##### Data shown #####

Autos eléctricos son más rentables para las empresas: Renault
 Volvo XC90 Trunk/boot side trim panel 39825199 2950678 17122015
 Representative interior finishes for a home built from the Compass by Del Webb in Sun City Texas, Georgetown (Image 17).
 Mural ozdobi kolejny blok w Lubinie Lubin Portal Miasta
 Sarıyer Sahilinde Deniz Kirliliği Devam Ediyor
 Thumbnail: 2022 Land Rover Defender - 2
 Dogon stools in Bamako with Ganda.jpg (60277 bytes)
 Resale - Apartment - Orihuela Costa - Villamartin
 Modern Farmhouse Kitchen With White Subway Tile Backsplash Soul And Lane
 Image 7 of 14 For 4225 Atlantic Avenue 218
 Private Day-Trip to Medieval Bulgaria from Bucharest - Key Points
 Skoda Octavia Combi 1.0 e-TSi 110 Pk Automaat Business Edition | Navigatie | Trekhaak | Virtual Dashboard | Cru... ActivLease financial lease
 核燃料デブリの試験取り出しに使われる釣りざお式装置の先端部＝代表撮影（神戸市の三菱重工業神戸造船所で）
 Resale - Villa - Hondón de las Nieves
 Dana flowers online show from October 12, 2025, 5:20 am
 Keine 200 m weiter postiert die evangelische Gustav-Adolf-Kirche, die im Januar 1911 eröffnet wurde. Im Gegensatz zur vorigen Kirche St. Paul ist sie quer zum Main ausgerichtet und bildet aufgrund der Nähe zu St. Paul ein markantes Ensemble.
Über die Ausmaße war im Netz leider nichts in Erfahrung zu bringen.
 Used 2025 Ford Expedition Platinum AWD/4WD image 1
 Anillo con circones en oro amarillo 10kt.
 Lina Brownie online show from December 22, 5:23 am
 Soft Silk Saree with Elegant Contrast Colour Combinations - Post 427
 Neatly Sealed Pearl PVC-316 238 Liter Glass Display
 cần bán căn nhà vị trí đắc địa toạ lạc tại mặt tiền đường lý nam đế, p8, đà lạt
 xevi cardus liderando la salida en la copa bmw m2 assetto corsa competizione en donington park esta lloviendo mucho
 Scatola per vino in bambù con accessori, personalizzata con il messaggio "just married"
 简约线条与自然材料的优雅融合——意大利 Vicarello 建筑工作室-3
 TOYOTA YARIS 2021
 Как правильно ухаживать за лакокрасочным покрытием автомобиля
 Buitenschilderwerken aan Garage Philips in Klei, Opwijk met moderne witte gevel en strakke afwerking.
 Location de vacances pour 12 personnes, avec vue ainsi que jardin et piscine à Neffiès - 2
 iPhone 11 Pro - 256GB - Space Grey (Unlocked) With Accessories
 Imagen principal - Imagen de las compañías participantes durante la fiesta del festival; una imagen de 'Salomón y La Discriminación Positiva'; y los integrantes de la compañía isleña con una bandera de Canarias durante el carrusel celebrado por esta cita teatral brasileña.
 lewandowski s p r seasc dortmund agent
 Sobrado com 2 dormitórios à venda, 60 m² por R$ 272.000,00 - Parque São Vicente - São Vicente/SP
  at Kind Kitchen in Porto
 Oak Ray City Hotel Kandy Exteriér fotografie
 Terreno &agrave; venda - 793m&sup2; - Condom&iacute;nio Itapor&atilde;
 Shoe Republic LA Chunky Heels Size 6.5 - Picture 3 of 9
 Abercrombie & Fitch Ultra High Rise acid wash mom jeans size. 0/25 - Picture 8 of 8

#####

Write an exact transcription of every entry above.

Autos eléctricos son más rentables para las empresas: Renault
 Volvo XC90 Trunk/boot side trim panel 39825199 2950678 17122015
 Representative interior finishes for a home built from the Compass by Del Webb in Sun City Texas, Georgetown (Image 17).
 Mural ozdobi kolejny blok w Lubinie Lubin Portal Miasta
 Sarıyer Sahilinde Deniz Kirliliği Devam Ediyor
 Thumbnail: 2022 Land Rover Defender - 2
 Dogon stools in Bamako with Ganda.jpg (60277 bytes)
 Resale - Apartment - Orihuela Costa - Villamartin
 Modern Farmhouse Kitchen With White Subway Tile Backsplash Soul And Lane
 Image 7 of 14 For 4225 Atlantic Avenue 218
 Private Day-Trip to Medieval Bulgaria from Bucharest - Key Points
 Skoda Octavia Combi 1.0 e-TSi 110 Pk Automaat Business Edition | Navigatie | Trekhaak | Virtual Dashboard | Cru... ActivLease financial lease
 核燃料デブリの試験取り出しに使われる釣りざお式装置の先端部＝代表撮影（神戸市の三菱重工業神戸造船所で）
 Resale - Villa - Hondón de las Nieves
 Dana flowers online show from October 12, 2025, 5:20 am
 Keine 200 m weiter postiert die evangelische Gustav-Adolf-Kirche, die im Januar 1911 eröffnet wurde. Im Gegensatz zur vorigen Kirche St. Paul ist sie quer zum Main ausgerichtet und bildet aufgrund der Nähe zu St. Paul ein markantes Ensemble.
Über die Ausmaße war im Netz leider nichts in Erfahrung zu bringen.
 Used 2025 Ford Expedition Platinum AWD/4WD image 1
 Anillo con circones en oro amarillo 10kt.
 Lina Brownie online show from December 22, 5:23 am
 Soft Silk Saree with Elegant Contrast Colour Combinations - Post 427
 Neatly Sealed Pearl PVC-316 238 Liter Glass Display
 cần bán căn nhà vị trí đắc địa toạ lạc tại mặt tiền đường lý nam đế, p8, đà lạt
 xevi cardus liderando la salida en la copa bmw m2 assetto corsa competizione en donington park esta lloviendo mucho
 Scatola per vino in bambù con accessori, personalizzata con il messaggio "just married"
 简约线条与自然材料的优雅融合——意大利 Vicarello 建筑工作室-3
 TOYOTA YARIS 2021
 Как правильно ухаживать за лакокрасочным покрытием автомобиля
 Buitenschilderwerken aan Garage Philips in Klei, Opwijk met moderne witte gevel en strakke afwerking.
 Location de vacances pour 12 personnes, avec vue ainsi que jardin et piscine à Neffiès - 2
 iPhone 11 Pro - 256GB - Space Grey (Unlocked) With Accessories
 Imagen principal - Imagen de las compañías participantes durante la fiesta del festival; una imagen de 'Salomón y La Discriminación Positiva'; y los integrantes de la compañía isleña con una bandera de Canarias durante el carrusel celebrado por esta cita teatral brasileña.
 lewandowski s p r seasc dortmund agent
 Sobrado com 2 dormitórios à venda, 60 m² por R$ 272.000,00 - Parque São Vicente - São Vicente/SP
  at Kind Kitchen in Porto
 Oak Ray City Hotel Kandy Exteriér fotografie
 Terreno &agrave; venda - 793m&sup2; - Condom&iacute;nio Itapor&atilde;
 Shoe Republic LA Chunky Heels Size 6.5 - Picture 3 of 9
 Abercrombie & Fitch Ultra High Rise acid wash mom jeans size. 0/25 - Picture 8 of 8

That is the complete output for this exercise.